What I like about their Network Map is the way it helps someone see the relationships they have on campus and how they might be carriers of the gospel. I had shared in an earlier tip about how students are part of various oikos’ on their campus. The Network Map shows those oikos’ in a more tangible way. The process of drawing out the map helps to show the need to be in prayer for others and to consider ways to enter into their spiritual journeys.

Why not try it out with someone you just met on another campus or a different context.

Fall Coaching Tips

Caring for our People.

Much of what I’ve talked about in these tips so far this year speaks to ministry and strategy. But many of us are far enough into this campus year that we want to pay attention to the heart of our staff and leaders. We’ve worked hard to follow up and involve freshmen. It is understandable if we feel tired.

Several years ago, the old Campus Field Ministry national team had a focus on coaching. Various staff worked on “coaching to strategy” tools and others on “coaching to shepherd”.

In an unpublished article, the latter group used the “cycles of momentum” to identify common and predictable emotions that teams experience throughout the year. They categorized their work by
1. Typical emotions experienced,
2. Possible root issues, and
3. Resources and responses.

Their tool listed emotions, roots, and resources for every month of the campus year. As we’re more than half way through September, I am summarizing these for October.

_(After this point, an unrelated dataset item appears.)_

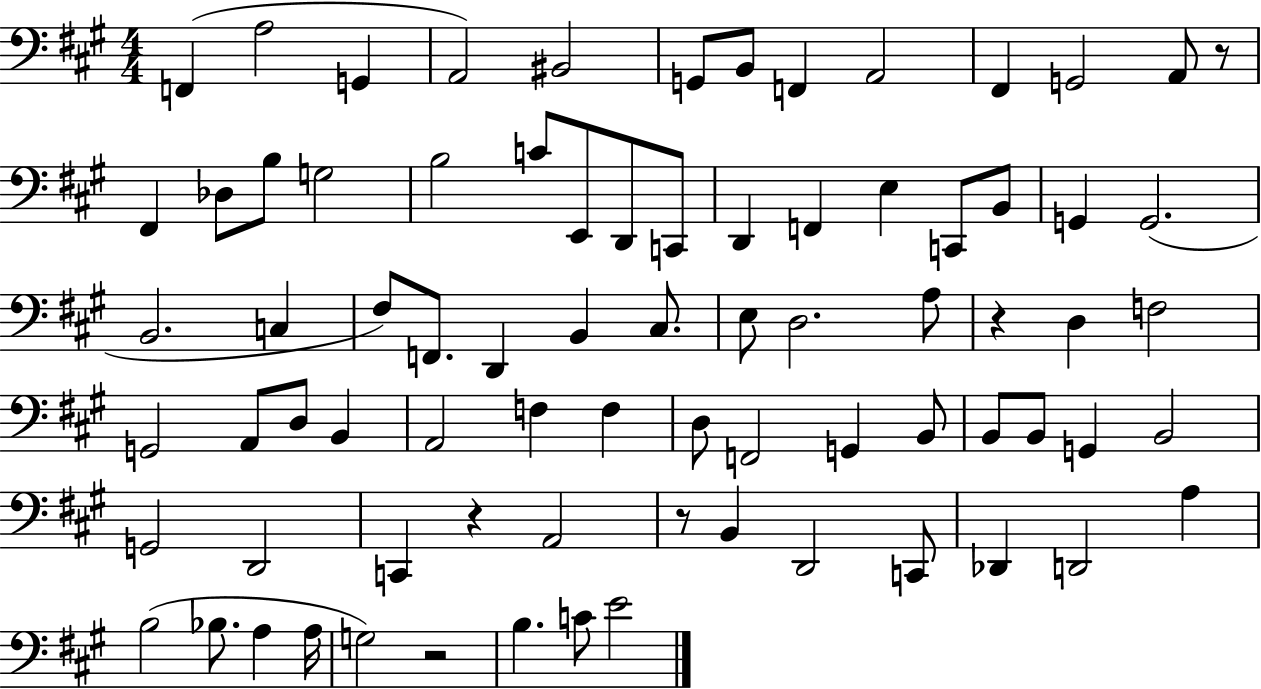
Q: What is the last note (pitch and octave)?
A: E4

Possible emotions experienced.

  • Weariness / Adrenaline letdown :: Can enter a funk. Real rest needed.
  • Do I have a life? Spouse? etc. :: A proper downshift is needed, and how do I do that?
  • May stop depending on the Lord and enter into default mode.
  • Is this worth it?

Possible root issues.

  • Owning that I have perhaps ignored myself, my family, etc.
  • Identity in ministry success :: An over personalization of results defining them.
  • Short term mindset :: Comparison & frustration with results.

Responses and resources.

  • Book // In the Name of Jesus (Nouwen)
  • Helping them take time to pause, reflect, celebrate, lift eyes up.
  • Article // Reading Your Gauges (Hybels)
  • Reminder of vision from coach/leadership, and pass it on.
  • Talk // Rescue the Dying (Hutchcraft)
  • Coaching toward leaving margin for high level priorities on Position Focus (i.e. Downshift). Tool // Position Focus. Tool // Review Job Description.

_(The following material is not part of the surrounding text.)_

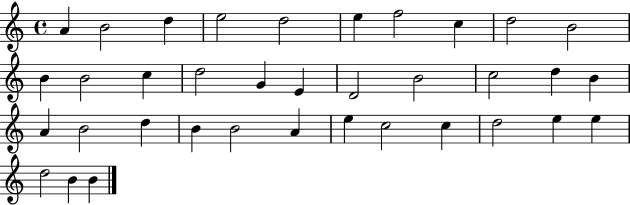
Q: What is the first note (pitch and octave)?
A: A4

If you lead any kind of team, be mindful that you must coach to strategy and coach to shepherd. You are seeking to make a difference for Christ. And you are caring for your people in the process.

Fall Coaching Tips

Can Incoming Freshmen Launch?

If you are Cru staff, you may have seen this piece in the last QuickRead. Sponsored by Campus Renewal, the vision is to connect every incoming freshman with a campus ministry at college. It’s great seeing emails from these students expressing interest in our ministry. They can select from any of the following options, and many select all:

  • Being contacted by someone with Cru at my college.
  • Knowing when and where Cru meets.
  • Receiving Cru e-newsletters.
  • Getting the time and place of a Bible study.

You may have already received emails from these students forwarded by Pat Senkbeil, our Student LINC and Coaching Center Assistant.

Connecting them to a ministry on campus is easy. But if they are on a campus where the movement is small, re-starting, or you’re just beginning, it might be a bit more challenging to help them.

It is very possible that God has brought them along to help you with that ministry at this time. I think of the old “Cornelius Principle”, about God at work in ways apart from what the apostles were doing. While not everyone wants to, our team has found many incoming freshman do want to start something on their campus.

Whether you’re busy in following up survey contacts, helping with Hurricane Harvey clean-up, or your schools have been closed because of Irma, why not check out “Want to Start a Ministry on Your Campus?” page on Cru.org. Then suggest interested students read through the first six steps. They can also get a preview of some of the possible resources we might use in our movements under Prayer, Evangelism, and Discipleship at the bottom.